+++ Recorded information
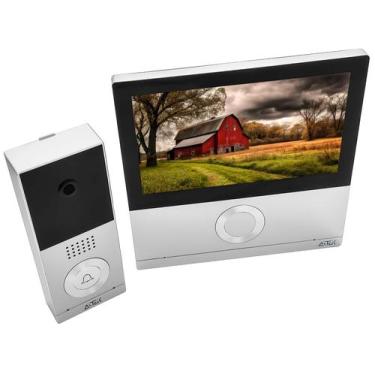 Imagem de Interfone Residencial Com Camera Full HD Vídeo Porteiro Wifi App Celul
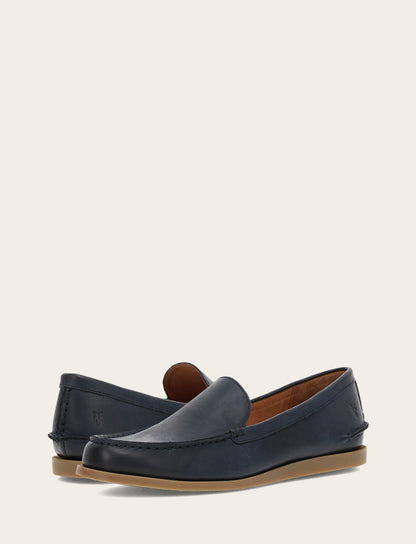 Men's Indigo Mason Slip On Loafers | Frye Indigo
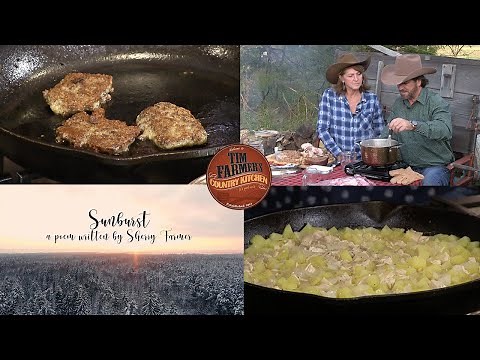 Pennsylvania Dutch Scrapple, Leftover Turkey Hash and Sunburst Poem (#734)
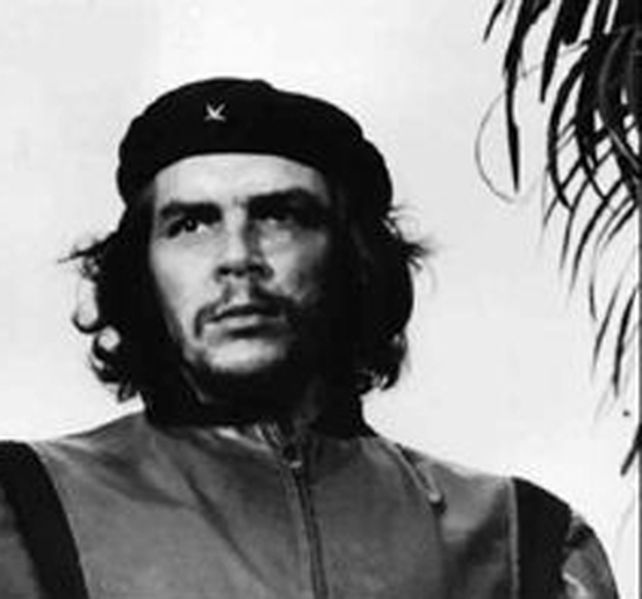 La mítica imagen del guerrilero argentino-cubano.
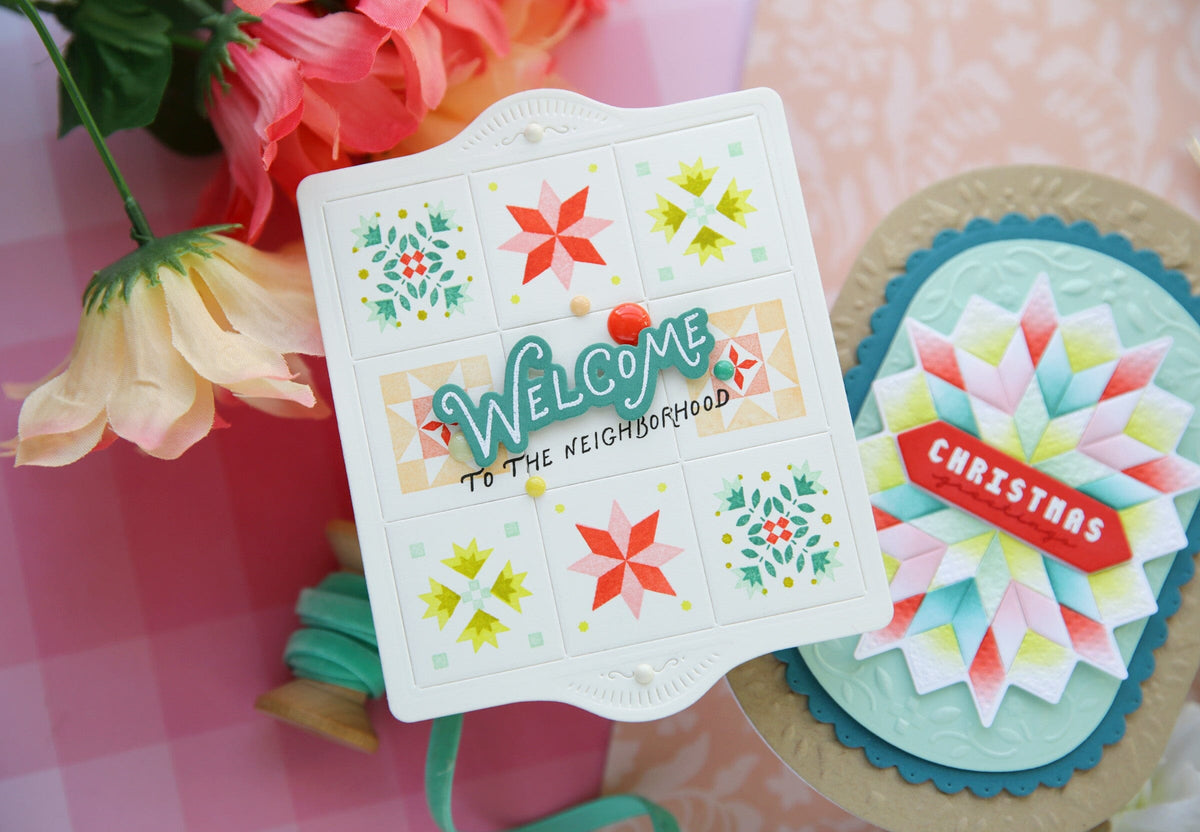 Quilt Block Builder Stamp Set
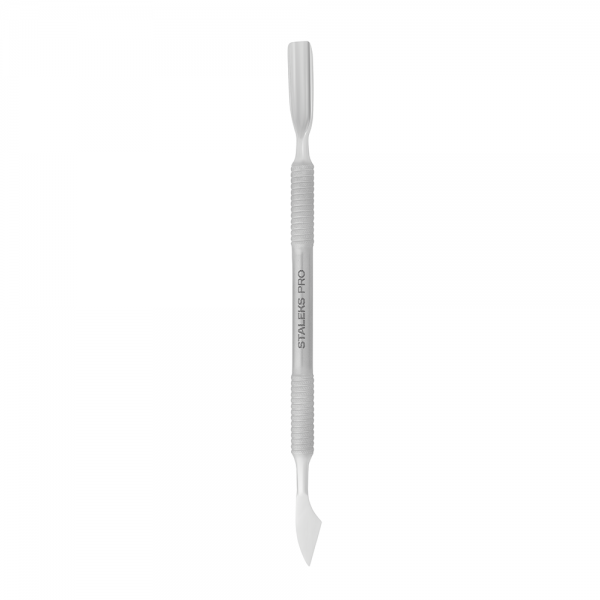 Spatula manicure SMART (PS-51/2) (rectangular pusher and remover) Staleks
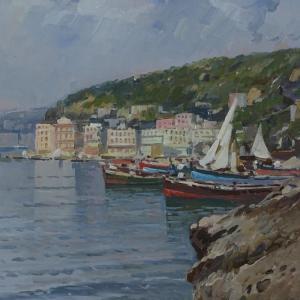 DE FULVIS,Italian coastal scenes,Burstow and Hewett GB 2019-06-19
++++++
Try it
Quote the data above in full, leaving out the pictures it holds.

Output for this exercise
 Imagem de Interfone Residencial Com Camera Full HD Vídeo Porteiro Wifi App Celul
 Men's Indigo Mason Slip On Loafers | Frye Indigo
 Pennsylvania Dutch Scrapple, Leftover Turkey Hash and Sunburst Poem (#734)
 La mítica imagen del guerrilero argentino-cubano.
 Quilt Block Builder Stamp Set
 Spatula manicure SMART (PS-51/2) (rectangular pusher and remover) Staleks
 DE FULVIS,Italian coastal scenes,Burstow and Hewett GB 2019-06-19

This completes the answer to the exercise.